Discussion Speculation: Zen 4 (EPYC 4 "Genoa", Ryzen 7000, etc.)

Page 71 - Seeking answers? Join the AnandTech community: where nearly half-a-million members share solutions and discuss the latest tech.

Vattila

Senior member
Oct 22, 2004
809
1,412
136
Except for the details about the improvements in the microarchitecture, we now know pretty well what to expect with Zen 3.

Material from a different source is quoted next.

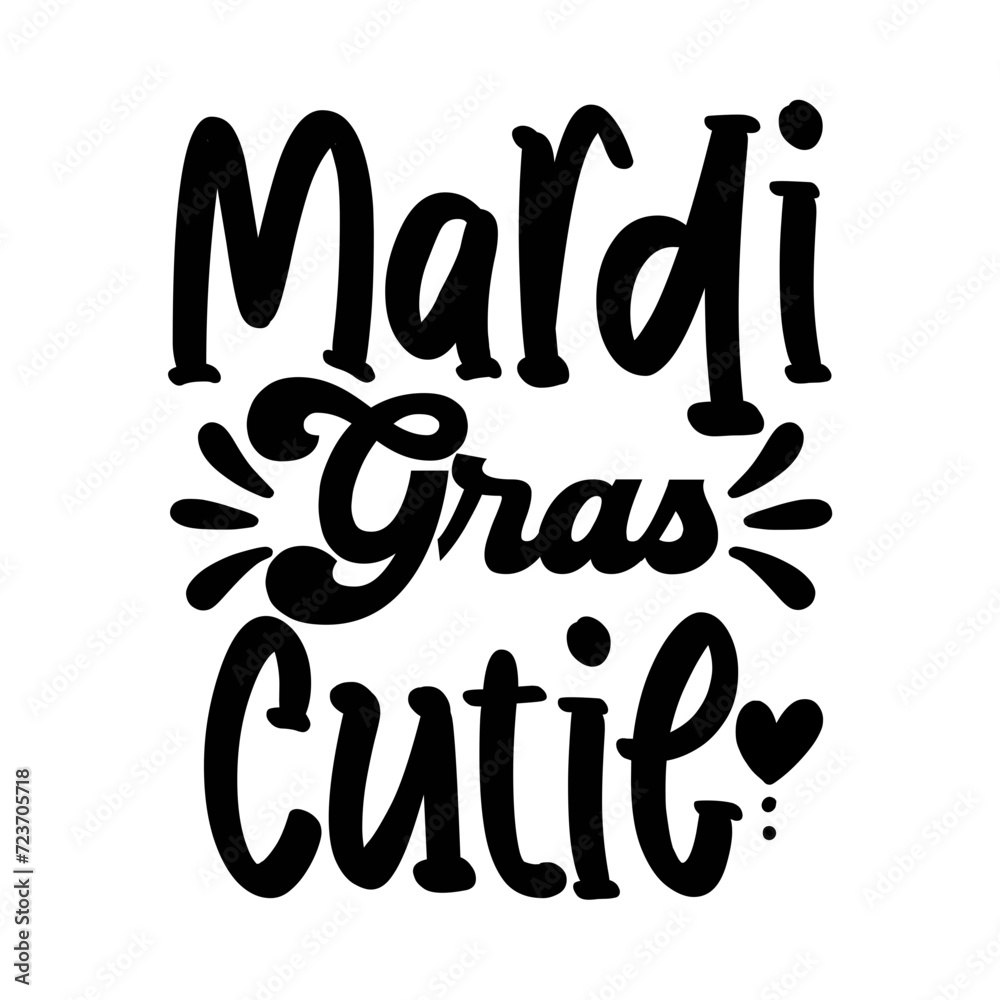 Mardi Gras Cutie SVG Design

The leaked presentation by AMD Senior Manager Martin Hilgeman shows that EPYC 3 "Milan" will, as promised and expected, reuse the current platform (SP3), and the system architecture and packaging looks to be the same, with the same 9-die chiplet design and the same maximum core and thread-count (no SMT-4, contrary to rumour). The biggest change revealed so far is the enlargement of the compute complex from 4 cores to 8 cores, all sharing a larger L3 cache ("32+ MB", likely to double to 64 MB, I think).

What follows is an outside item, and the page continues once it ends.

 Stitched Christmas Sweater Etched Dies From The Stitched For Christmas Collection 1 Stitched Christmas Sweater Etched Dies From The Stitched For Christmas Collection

Hilgeman's slides did also show that EPYC 4 "Genoa" is in the definition phase (or was at the time of the presentation in September, at least), and will come with a new platform (SP5), with new memory support (likely DDR5).

Untitled2.png


What else do you think we will see with Zen 4? PCI-Express 5 support? Increased core-count? 4-way SMT? New packaging (interposer, 2.5D, 3D)? Integrated memory on package (HBM)?

Vote in the poll and share your thoughts! :)
 
Last edited:
  • Like
Reactions: richardllewis_01

jamescox

Senior member
Nov 11, 2009
644
1,105
136
eek2121-

6nm is 85% of 7nm
5nm is 71% of 7nm

AMD built 8 cores per CCD long enough that they can afford to move to 12-16 cores by either step. More cores is fewer CCD per package. If AMD truly intends to scale above 64 cores per package then IMHO they need to make this move. Sticking to 8 cores will mean a shrink of the die without improved IFOP/IFIS. First generation Infinity Fabric was meant to scale. The 64 core is already sharing 42.6 GB/s between cores and 31 GB/s between packages. Throw in hyperthreading and you're garaunteed to be bandwidth starving any cache architecture.

This one got too long again.

I am still thinking 8 cores for the CCX on Zen 4. They are probably going to increase the L2 cache and probably massive increase in floating point units. Floating point units, especially wide vector units supporting a lot of different data types, take up a lot of die area. I didn’t really expect an increase in L3 on die. 32 is probably still plenty for the base chiplet. The data paths need to be significantly wider to support the increased floating point width. All of that is going to eat into the due area savings when going to 5 nm, so it may be similar size to 7 nm with no increase in core count.

If we don’t get some kind of stacked IO die / interposer / whatever, then I guess we may just get pci-express 5 speeds for infinity fabric connections between die with a lot of stacked cache.

For a die stacked solution, I have been thinking that they might have a base die with the IO for just 1/4 of an Epyc processor, so 2 or 3 memory channels and 2 x16 pci-express 5. One fourth of an Epyc processor is basically a desktop Ryzen processor. It might have one chiplet on top that actually contains logic for IO; basically anything that would benefit being made on 5 or 7 nm. The base die would contain a lot of the IO stuff that does not scale and would be made on an older TSMC process. It then could have 3 spaces for cpu chiplets, perhaps with some models containing some gpu chiplets rather than cpu chiplets. Perhaps the gpu chiplet is 2x the size of the cpu chiplet or it just uses 2 gpu chiplets to one cpu chiplet for some models. I don’t know if HBM makes sense here with all of the SRAM cache available.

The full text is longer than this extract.